On his part, Alex Grant, another native of Ubulu-Uku, said: “It is shameful that, right now, residents of Onicha-Uku and Onicha-Okpe quarters make wooden bridges across the centre of the road to enable them reach the main bridge to their homes. Onich-Uku road now has three gutters, one right, the other at the left and another in the centre of the road. The irony is you start experiencing the bad potion of the road from the frontage of a PDP stalwart, yet the party is in control of the state’s resources.”
Another indigene, Pius Monye, Oke Osisi 1, who spoke from Atlanta, Georgia, in the United States, was also full of anger. He told the reporter: “I am a freeborn of Onicha-Uku Quarters in Ubulu-Uku Kingdom. My message to Governor Ifeanyi Okowa is that we voted for him during the first and second tenure, so he should carry us along and treat us with respect and dignity.
“It is obvious that the contract for Onicha-Uku road was awarded and was said to have been completed on paper, but, till today, the road is an eyesore and so many of our people are keeping quiet out of fear of those big politicians who sabotaged the contracts.

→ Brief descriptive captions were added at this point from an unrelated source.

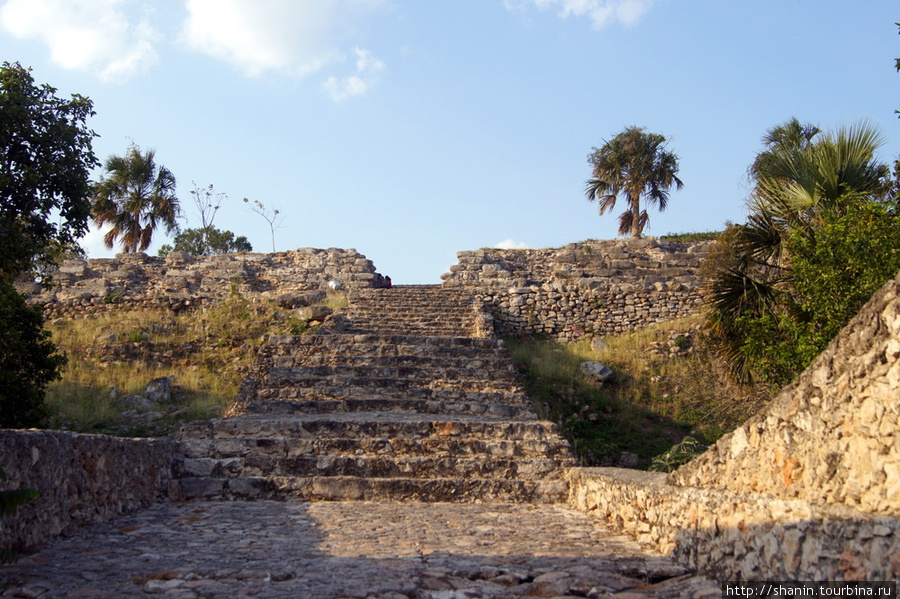 Пирамиды в Исамале Штат Юкатан, Мексика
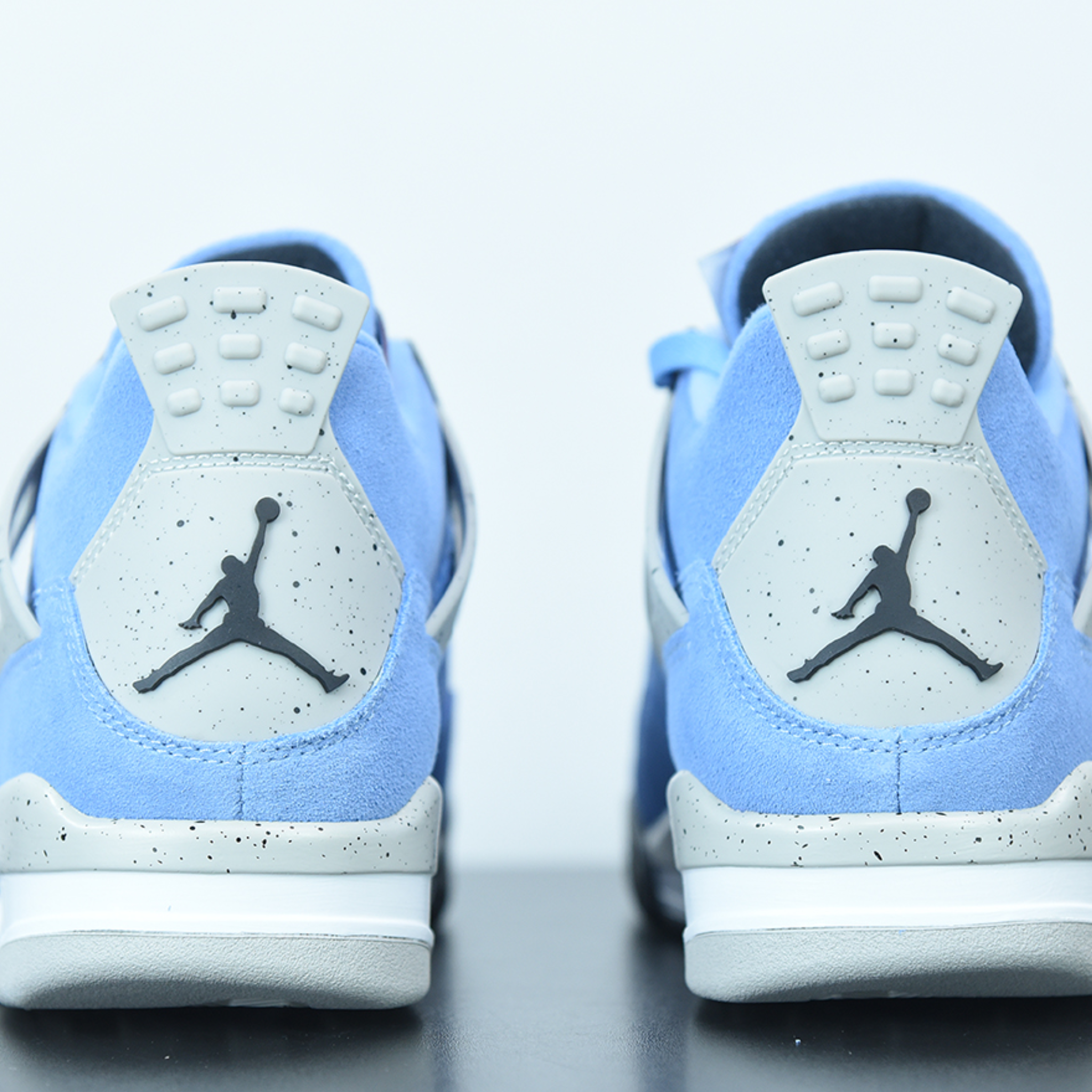 Nike Air Jordan 4 Retro "University Blue"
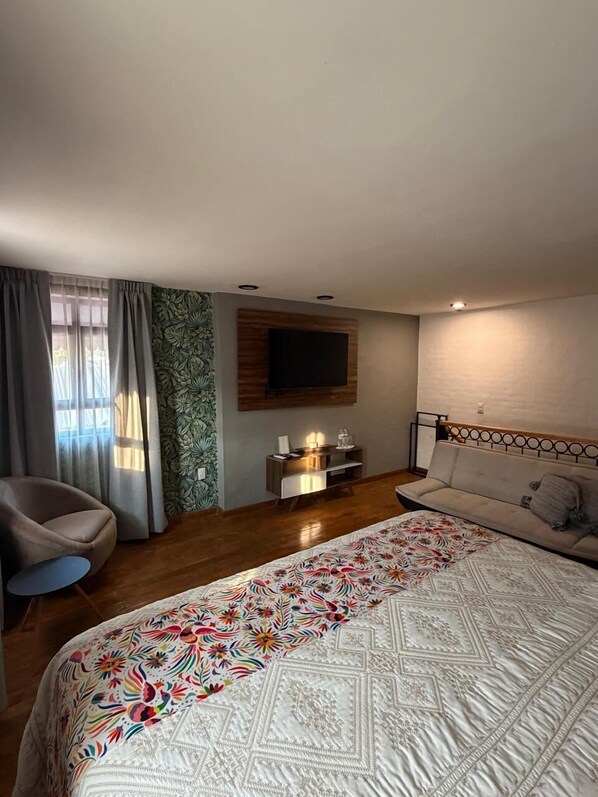 Familjesvit - 1 sovrum - torn | Sängtillbehör av högsta kvalitet, duntäcken och skrivbord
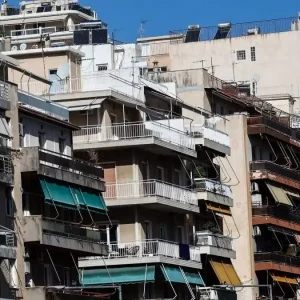Μπλόκο στη βραχυχρόνια μίσθωση στις πολυκατοικίες μετά από δικαστική απόφαση – «σταθμό»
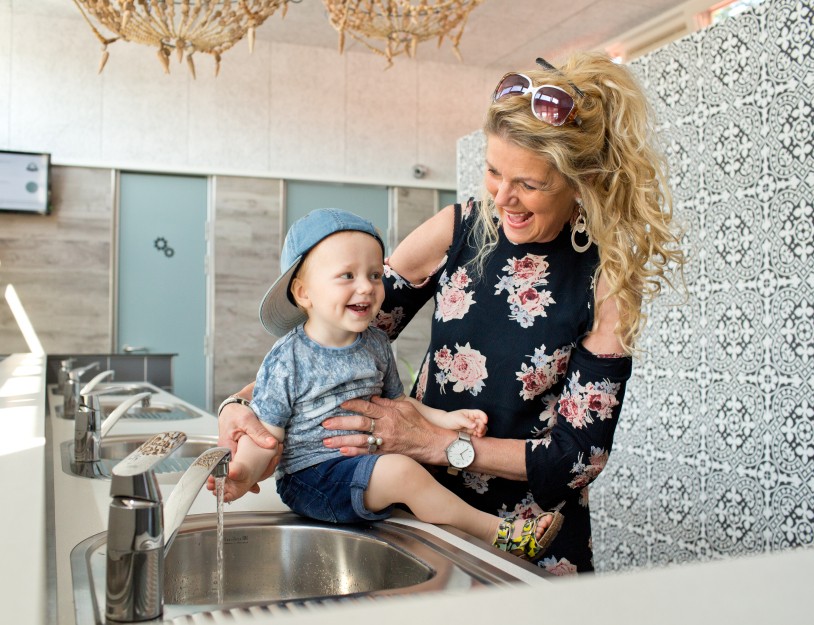 Sanitair Fazant - Met kleinzoon bij wasbak (medium).jpg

“On behalf of Ubulu-Uku people in the diaspora, I am calling on Governor Okowa to look into the Onicha-Uku road matter. My people voted for you and you made a promise to take care of the road. But this same road that links Onicha-Ugbo and Ubulu-Uku is still abandoned till date. Please, declare a state of emergency on the road.”
A social critic, Patrick Omebele, who spoke from Maryland, USA, said: “It is the primary responsibility of the three tiers of government to take care of roads. Government should, consensually, determine who owns the road. If it is a state-owned road, the state should, through government intervention or Ecological Fund, repair the road.
“I travelled home two years ago for my mother’s burial. I was lucky that it was during the dry season, but I spent lots of money filling the road with sand. I don’t think, with the present condition of the road, any right-thinking person would dare the road.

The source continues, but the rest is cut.